→ **Exercise objective**: Exactly as they appear below, repeat the lines from the one with "Romantic Penthouse Suite image 2" through the one with "SVITZER TANGER FOTO", and no others.

[Recorded data]
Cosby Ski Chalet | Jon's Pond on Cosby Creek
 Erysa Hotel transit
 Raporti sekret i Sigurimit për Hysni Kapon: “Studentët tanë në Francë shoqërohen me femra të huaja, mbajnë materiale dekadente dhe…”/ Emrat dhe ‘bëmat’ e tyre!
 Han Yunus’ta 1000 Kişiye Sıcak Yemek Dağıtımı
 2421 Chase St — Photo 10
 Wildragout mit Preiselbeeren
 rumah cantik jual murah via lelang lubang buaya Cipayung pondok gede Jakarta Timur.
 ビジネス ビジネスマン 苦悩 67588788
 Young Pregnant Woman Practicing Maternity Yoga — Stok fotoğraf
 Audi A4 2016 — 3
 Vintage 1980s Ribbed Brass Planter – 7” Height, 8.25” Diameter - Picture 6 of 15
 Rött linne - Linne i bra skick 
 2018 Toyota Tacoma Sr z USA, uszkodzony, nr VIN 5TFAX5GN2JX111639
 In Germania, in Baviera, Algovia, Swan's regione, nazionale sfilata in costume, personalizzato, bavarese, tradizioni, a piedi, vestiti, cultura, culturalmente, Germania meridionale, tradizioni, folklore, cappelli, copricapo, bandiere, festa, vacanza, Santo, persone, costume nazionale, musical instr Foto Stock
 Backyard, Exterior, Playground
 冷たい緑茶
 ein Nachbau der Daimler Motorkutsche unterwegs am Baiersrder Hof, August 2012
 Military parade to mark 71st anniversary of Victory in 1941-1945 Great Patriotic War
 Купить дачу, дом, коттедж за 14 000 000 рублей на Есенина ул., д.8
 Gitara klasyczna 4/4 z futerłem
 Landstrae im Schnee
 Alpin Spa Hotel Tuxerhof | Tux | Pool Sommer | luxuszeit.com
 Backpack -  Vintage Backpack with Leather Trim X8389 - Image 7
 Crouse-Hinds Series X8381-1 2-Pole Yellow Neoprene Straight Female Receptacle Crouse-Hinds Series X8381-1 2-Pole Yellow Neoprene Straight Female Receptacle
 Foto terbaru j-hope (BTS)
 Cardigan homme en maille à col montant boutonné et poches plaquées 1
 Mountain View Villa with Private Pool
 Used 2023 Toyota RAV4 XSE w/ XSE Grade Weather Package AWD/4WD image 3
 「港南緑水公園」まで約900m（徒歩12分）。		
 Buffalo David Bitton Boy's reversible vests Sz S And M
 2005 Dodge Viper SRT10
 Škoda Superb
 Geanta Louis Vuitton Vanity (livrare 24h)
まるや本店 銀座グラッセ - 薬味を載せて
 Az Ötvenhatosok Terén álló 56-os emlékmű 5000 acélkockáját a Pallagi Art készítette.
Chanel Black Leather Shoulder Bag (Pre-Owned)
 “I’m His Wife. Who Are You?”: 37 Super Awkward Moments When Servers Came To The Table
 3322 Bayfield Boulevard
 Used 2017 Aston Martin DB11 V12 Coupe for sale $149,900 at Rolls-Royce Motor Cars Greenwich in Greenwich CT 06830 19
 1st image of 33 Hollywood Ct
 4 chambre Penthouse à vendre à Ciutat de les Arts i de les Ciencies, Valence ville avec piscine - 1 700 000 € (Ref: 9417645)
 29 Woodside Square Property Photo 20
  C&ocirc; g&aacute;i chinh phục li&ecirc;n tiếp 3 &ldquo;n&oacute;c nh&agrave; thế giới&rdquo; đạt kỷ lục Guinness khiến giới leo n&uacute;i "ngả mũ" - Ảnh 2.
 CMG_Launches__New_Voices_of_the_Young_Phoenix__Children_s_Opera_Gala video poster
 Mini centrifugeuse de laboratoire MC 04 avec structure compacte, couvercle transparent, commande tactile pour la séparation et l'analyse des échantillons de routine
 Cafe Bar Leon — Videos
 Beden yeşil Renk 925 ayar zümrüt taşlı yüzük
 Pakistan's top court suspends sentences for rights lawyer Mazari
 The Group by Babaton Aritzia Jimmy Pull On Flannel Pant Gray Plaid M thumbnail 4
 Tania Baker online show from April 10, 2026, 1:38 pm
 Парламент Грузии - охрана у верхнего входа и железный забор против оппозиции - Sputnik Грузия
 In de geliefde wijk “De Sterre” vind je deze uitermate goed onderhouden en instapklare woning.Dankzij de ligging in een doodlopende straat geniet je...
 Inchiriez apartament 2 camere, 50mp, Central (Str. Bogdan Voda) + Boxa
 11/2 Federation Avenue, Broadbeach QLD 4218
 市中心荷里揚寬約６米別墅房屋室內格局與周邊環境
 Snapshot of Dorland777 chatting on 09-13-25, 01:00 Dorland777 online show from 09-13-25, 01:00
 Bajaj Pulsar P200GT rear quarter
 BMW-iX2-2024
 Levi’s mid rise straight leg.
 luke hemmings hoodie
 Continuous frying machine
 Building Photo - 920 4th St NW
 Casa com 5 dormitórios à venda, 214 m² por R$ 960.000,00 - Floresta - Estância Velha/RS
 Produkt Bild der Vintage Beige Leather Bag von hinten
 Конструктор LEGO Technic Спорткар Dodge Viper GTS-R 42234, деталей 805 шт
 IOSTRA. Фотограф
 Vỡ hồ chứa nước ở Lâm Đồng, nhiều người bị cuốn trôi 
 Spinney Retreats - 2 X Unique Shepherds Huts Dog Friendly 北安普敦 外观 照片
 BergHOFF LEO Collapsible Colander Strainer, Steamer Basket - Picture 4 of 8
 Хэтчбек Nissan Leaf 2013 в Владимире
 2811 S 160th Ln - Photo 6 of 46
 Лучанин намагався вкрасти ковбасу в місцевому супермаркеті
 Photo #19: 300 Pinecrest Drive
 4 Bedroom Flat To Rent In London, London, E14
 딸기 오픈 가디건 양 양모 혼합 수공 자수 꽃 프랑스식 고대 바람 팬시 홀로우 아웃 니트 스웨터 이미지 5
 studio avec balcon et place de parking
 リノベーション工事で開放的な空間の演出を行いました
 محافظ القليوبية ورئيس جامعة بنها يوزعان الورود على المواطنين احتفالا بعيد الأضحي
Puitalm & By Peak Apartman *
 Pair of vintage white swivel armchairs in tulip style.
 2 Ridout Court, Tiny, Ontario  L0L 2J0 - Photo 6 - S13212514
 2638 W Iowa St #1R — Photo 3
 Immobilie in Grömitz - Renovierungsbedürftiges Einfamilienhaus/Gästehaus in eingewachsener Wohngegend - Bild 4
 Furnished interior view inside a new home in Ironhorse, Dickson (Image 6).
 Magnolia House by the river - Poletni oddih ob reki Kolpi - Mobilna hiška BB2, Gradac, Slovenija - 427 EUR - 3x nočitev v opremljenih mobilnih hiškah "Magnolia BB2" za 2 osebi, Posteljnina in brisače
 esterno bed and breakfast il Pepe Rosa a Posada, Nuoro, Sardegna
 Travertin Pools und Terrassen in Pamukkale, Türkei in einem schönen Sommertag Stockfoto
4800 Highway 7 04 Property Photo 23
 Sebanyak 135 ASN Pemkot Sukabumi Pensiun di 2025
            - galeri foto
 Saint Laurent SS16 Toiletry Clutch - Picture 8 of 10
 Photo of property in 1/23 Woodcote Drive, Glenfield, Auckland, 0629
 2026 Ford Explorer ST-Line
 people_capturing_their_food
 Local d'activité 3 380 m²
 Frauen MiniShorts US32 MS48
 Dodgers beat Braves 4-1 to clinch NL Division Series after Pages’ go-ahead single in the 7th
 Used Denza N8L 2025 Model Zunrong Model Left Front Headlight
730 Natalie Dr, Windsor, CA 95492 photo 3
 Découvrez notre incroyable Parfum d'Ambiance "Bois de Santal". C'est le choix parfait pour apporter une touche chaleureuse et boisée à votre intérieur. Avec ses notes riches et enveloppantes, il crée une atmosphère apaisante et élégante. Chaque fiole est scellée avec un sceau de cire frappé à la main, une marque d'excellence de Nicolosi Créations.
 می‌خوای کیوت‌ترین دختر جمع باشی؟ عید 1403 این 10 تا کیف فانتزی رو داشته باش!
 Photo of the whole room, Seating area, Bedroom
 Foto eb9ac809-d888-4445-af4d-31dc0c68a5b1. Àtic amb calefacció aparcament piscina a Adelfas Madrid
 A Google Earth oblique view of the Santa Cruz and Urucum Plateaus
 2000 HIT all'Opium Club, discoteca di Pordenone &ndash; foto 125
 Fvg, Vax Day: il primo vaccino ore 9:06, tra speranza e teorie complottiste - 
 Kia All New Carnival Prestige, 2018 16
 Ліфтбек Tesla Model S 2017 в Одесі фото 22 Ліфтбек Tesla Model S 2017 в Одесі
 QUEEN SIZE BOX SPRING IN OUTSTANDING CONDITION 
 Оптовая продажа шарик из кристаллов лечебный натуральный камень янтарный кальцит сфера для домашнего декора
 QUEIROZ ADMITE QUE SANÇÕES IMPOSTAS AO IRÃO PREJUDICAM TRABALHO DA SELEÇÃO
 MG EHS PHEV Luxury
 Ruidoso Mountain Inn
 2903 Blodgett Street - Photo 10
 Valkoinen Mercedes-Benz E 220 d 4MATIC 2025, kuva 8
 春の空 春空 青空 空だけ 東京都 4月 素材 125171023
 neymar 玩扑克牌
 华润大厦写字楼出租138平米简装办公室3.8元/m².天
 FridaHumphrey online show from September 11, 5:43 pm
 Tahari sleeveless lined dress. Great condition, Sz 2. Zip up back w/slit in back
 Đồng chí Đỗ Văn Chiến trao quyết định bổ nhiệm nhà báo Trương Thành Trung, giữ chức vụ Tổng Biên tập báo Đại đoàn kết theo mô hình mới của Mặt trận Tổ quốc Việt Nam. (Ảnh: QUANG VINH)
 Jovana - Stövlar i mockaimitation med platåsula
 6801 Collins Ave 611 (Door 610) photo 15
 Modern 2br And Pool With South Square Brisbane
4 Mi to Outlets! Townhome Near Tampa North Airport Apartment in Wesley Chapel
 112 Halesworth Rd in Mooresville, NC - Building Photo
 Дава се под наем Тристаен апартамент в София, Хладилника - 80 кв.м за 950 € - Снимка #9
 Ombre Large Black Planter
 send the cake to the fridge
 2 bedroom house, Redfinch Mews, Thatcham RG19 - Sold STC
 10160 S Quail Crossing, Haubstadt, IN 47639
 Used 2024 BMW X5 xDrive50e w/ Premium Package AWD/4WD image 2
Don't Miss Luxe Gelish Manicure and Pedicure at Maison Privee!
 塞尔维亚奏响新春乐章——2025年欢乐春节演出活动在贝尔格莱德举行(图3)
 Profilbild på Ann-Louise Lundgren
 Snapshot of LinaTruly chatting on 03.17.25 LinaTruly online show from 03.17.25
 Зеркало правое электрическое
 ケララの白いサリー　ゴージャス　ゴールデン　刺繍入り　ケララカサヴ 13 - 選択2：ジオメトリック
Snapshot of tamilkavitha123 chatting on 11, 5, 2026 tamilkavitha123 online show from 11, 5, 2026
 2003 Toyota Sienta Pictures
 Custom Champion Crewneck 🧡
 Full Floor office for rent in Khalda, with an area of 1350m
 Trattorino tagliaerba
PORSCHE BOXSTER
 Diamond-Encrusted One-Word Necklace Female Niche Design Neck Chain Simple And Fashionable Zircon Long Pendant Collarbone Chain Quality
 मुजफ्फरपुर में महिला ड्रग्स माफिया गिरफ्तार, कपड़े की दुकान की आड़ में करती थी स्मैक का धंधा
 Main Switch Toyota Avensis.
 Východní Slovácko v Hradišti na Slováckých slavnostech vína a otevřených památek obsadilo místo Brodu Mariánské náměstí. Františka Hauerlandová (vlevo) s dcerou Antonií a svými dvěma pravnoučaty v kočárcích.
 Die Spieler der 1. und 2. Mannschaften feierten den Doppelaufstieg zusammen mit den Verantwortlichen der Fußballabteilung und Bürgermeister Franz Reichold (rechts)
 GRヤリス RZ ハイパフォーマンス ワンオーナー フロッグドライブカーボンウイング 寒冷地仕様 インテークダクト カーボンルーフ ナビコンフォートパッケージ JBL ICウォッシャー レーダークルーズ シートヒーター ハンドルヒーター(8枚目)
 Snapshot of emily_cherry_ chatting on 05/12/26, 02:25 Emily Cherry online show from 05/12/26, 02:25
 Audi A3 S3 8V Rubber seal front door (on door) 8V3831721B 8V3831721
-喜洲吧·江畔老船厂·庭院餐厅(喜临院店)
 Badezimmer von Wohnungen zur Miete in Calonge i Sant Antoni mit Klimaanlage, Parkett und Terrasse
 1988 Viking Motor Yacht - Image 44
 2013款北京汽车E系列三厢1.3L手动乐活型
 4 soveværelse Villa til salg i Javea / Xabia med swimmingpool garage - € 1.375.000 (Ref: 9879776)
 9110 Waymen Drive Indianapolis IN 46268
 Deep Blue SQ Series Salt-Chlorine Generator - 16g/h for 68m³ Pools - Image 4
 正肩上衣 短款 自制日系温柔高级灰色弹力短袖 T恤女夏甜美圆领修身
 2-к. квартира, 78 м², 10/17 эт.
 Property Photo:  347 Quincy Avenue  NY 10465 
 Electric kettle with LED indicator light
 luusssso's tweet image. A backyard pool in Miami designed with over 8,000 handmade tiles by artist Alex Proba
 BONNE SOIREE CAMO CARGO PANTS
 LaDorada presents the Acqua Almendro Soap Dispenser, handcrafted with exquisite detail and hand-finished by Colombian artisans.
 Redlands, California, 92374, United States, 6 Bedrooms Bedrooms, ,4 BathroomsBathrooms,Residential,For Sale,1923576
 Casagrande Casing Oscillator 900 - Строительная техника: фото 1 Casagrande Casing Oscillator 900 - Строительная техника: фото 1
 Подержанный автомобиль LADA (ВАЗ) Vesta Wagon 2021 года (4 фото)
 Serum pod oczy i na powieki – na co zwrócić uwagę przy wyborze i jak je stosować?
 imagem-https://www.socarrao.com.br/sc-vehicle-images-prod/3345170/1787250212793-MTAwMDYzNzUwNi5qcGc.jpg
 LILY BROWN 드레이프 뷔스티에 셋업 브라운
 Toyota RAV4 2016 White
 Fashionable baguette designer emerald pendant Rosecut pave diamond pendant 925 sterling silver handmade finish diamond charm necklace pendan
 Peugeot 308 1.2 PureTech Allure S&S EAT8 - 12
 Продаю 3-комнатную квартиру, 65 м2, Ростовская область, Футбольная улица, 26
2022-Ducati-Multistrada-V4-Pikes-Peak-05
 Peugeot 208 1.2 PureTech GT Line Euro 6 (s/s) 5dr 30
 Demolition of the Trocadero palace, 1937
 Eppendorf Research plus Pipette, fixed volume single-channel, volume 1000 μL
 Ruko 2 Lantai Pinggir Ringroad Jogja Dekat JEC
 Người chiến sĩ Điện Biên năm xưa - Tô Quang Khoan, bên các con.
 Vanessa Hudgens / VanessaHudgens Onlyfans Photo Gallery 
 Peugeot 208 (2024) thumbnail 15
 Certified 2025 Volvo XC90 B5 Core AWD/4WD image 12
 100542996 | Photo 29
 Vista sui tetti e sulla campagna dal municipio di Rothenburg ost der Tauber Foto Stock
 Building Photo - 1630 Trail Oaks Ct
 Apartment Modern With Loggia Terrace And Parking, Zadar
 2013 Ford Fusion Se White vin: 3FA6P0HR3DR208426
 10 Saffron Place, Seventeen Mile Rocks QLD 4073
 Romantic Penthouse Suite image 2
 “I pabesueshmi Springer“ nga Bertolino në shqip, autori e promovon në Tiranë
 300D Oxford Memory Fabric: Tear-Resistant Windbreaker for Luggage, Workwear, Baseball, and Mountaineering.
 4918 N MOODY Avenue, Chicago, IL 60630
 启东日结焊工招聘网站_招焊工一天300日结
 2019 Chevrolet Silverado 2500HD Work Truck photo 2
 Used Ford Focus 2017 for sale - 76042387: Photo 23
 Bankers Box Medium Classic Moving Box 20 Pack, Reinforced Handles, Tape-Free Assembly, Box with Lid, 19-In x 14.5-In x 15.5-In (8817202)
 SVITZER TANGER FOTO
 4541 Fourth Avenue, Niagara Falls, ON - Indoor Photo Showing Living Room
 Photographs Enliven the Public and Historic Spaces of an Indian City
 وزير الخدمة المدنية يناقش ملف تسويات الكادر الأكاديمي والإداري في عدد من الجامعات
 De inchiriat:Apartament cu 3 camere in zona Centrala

→ **Expected answer**:
 Romantic Penthouse Suite image 2
 “I pabesueshmi Springer“ nga Bertolino në shqip, autori e promovon në Tiranë
 300D Oxford Memory Fabric: Tear-Resistant Windbreaker for Luggage, Workwear, Baseball, and Mountaineering.
 4918 N MOODY Avenue, Chicago, IL 60630
 启东日结焊工招聘网站_招焊工一天300日结
 2019 Chevrolet Silverado 2500HD Work Truck photo 2
 Used Ford Focus 2017 for sale - 76042387: Photo 23
 Bankers Box Medium Classic Moving Box 20 Pack, Reinforced Handles, Tape-Free Assembly, Box with Lid, 19-In x 14.5-In x 15.5-In (8817202)
 SVITZER TANGER FOTO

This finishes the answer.